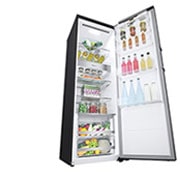 LG 386L Pigeon Pair Fridge - Matte Black Finish, GP-R386MBL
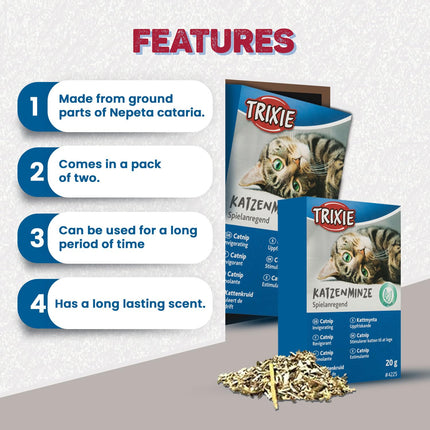 Trixie Premium Catnip for Cats 20g Online in India | Natural Catnip for Toys & Scratching Posts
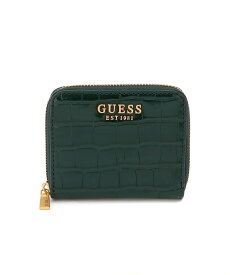 GUESS GUESS 財布 (W)JAMES Small Zip Around Wallet ゲス 財布・ポーチ・ケース 財布 グリーン ピンク ブラック ベージュ【送料無料】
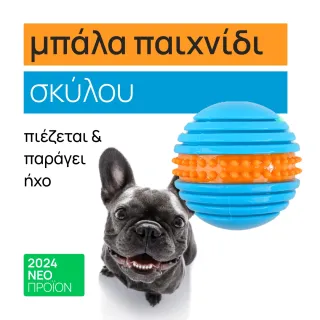Μπάλα παιχνιδιού για σκύλο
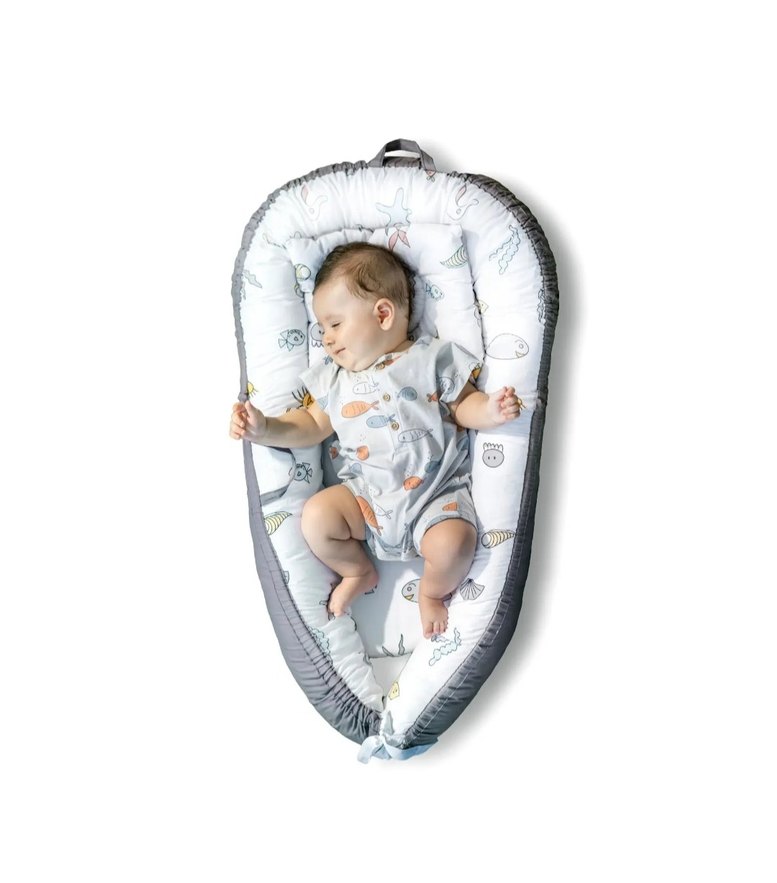 Mavi Baskılı Çocuk Oyun Minderi - Görsel 2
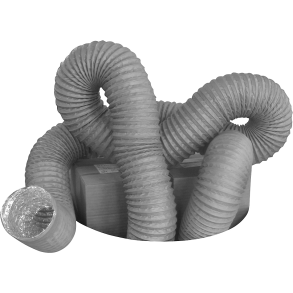 Flex-160, �land Flexslange PVC-belagt aluminiumsfolie p� st�lspiral L=5000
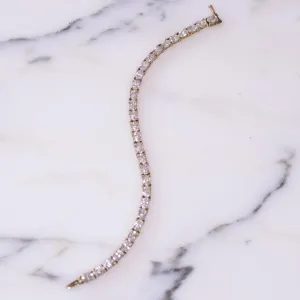 Vintage 1980s Cubic Zirconia Tennis Bracelet
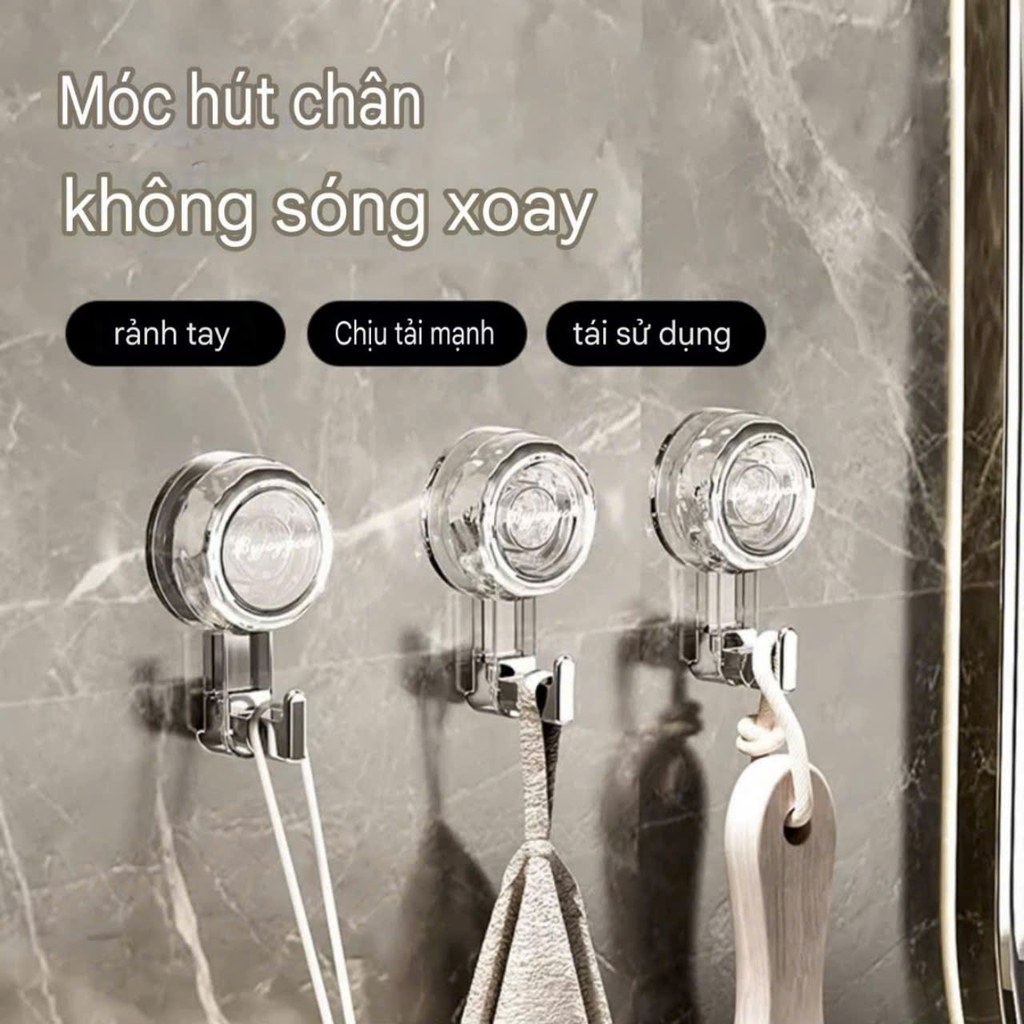 Móc treo đồ đa năng kiểu hút tường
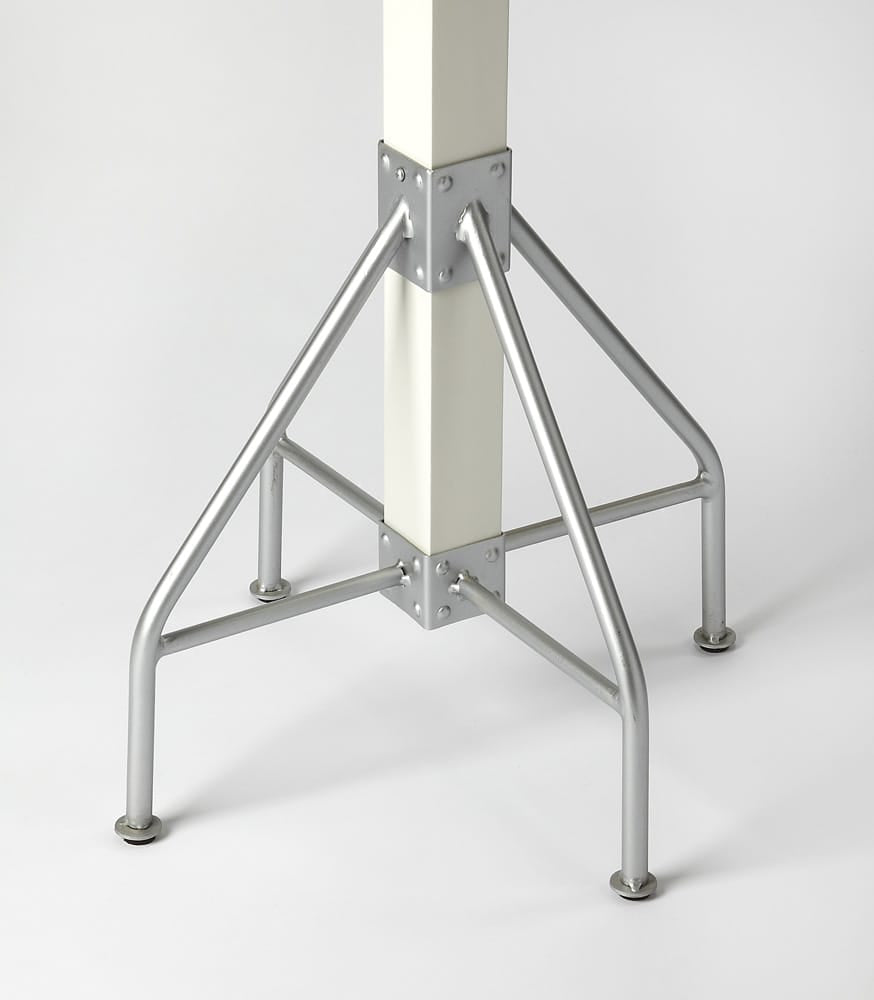 Butler Specialty Company - Logan Square 74 in. H Rustic Metal & Wood Costumer/Coat Tree, Silver, White - 2059297_CLOSEOUT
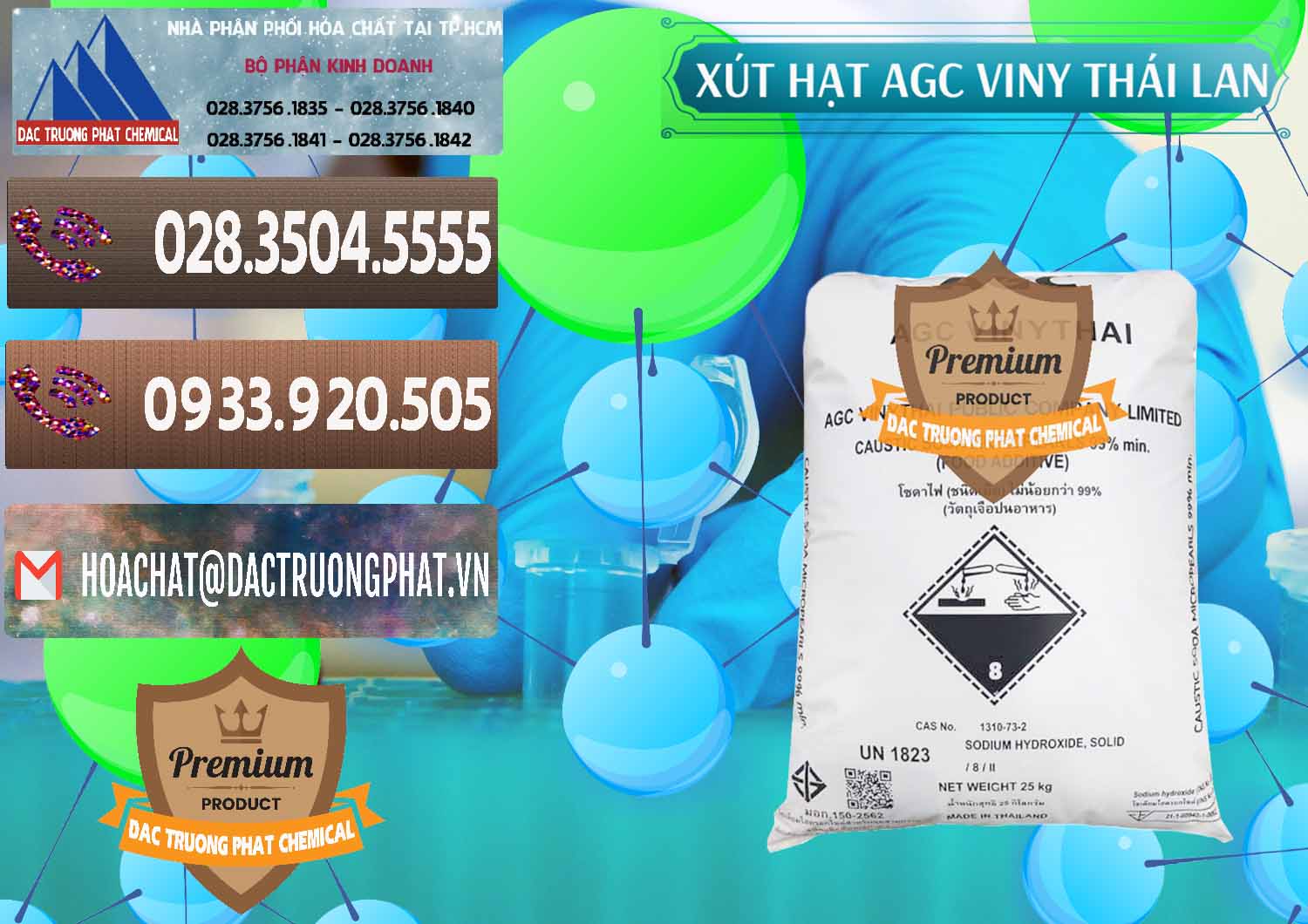 Đơn vị nhập khẩu & bán Xút Hạt - NaOH Bột 99% AGC Viny Thái Lan - 0399 - Nơi chuyên cung cấp và kinh doanh hóa chất tại TP.HCM - hoachatviet.net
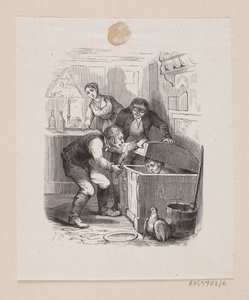 Illustration de "Petit Claus et Grand Claus" dans H.C. Andersen, "Contes et Histoires", Tome 1 - H.P. Hansen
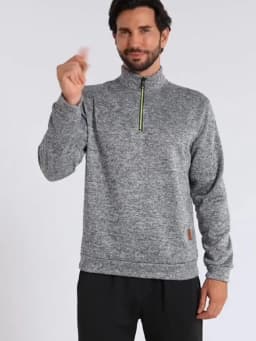 Men's Sweatshirts Half Zipper Pullover Male Long Sleeve Flleece Sweater Standcollar Snowflakes Hoodies Men Clothes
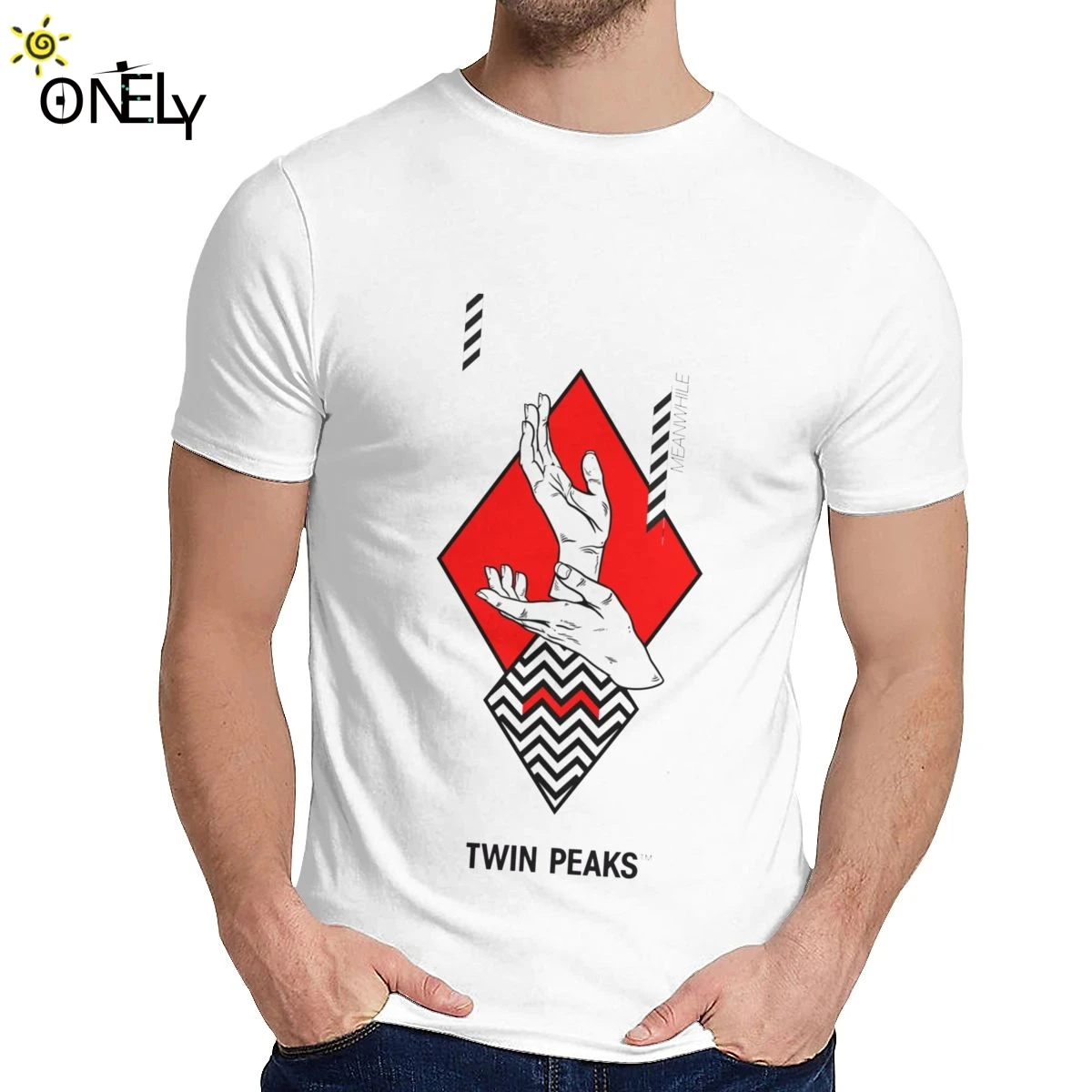 

Unisex T Shirt Twin Peaks Pure Cotton 2019 New Classic Round Neck Retro Tee Shirt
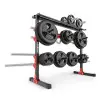 Rack de rangement 3 en 1 pour stocker vos haltères, disques de poids et barre de musculation - vue 4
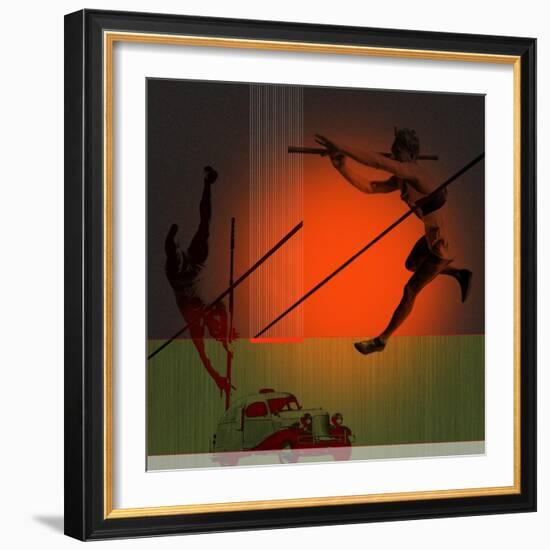 Awkward-NaxArt-Framed Art Print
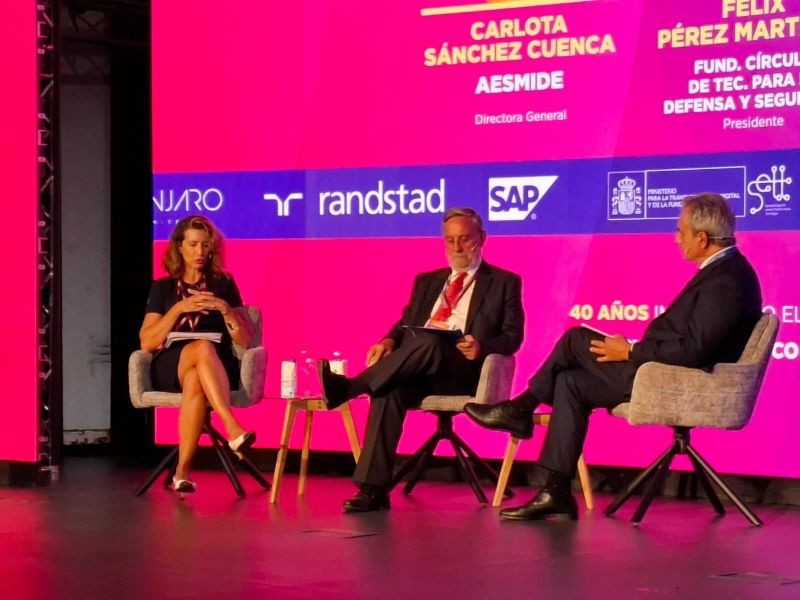 Santander40 panel "Ecosistema, innovar para proteger. La industria que impulsa la autonomía estratégica"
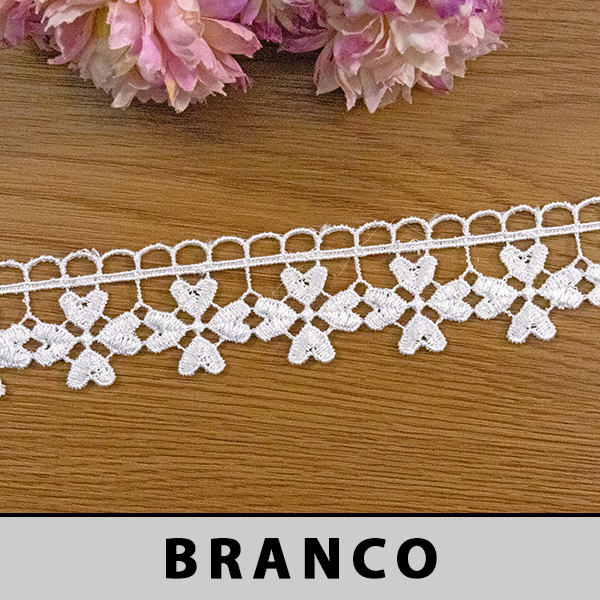 Renda Guipir Branca CH-4627 (3,5cm - 13,70m)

──────────────────────────────

(WHAT IS BEING ASKED): Return all records above verbatim without their pictures.

(WRITTEN SOLUTION):
 LG 386L Pigeon Pair Fridge - Matte Black Finish, GP-R386MBL
 Trixie Premium Catnip for Cats 20g Online in India | Natural Catnip for Toys & Scratching Posts
 GUESS GUESS 財布 (W)JAMES Small Zip Around Wallet ゲス 財布・ポーチ・ケース 財布 グリーン ピンク ブラック ベージュ【送料無料】
Μπάλα παιχνιδιού για σκύλο
 Mavi Baskılı Çocuk Oyun Minderi - Görsel 2
 Flex-160, �land Flexslange PVC-belagt aluminiumsfolie p� st�lspiral L=5000
 Vintage 1980s Cubic Zirconia Tennis Bracelet
 Móc treo đồ đa năng kiểu hút tường
 Butler Specialty Company - Logan Square 74 in. H Rustic Metal & Wood Costumer/Coat Tree, Silver, White - 2059297_CLOSEOUT
 Đơn vị nhập khẩu & bán Xút Hạt - NaOH Bột 99% AGC Viny Thái Lan - 0399 - Nơi chuyên cung cấp và kinh doanh hóa chất tại TP.HCM - hoachatviet.net
 Illustration de "Petit Claus et Grand Claus" dans H.C. Andersen, "Contes et Histoires", Tome 1 - H.P. Hansen
 Men's Sweatshirts Half Zipper Pullover Male Long Sleeve Flleece Sweater Standcollar Snowflakes Hoodies Men Clothes

Unisex T Shirt Twin Peaks Pure Cotton 2019 New Classic Round Neck Retro Tee Shirt
 Rack de rangement 3 en 1 pour stocker vos haltères, disques de poids et barre de musculation - vue 4
 Awkward-NaxArt-Framed Art Print
 Santander40 panel "Ecosistema, innovar para proteger. La industria que impulsa la autonomía estratégica"
 Renda Guipir Branca CH-4627 (3,5cm - 13,70m)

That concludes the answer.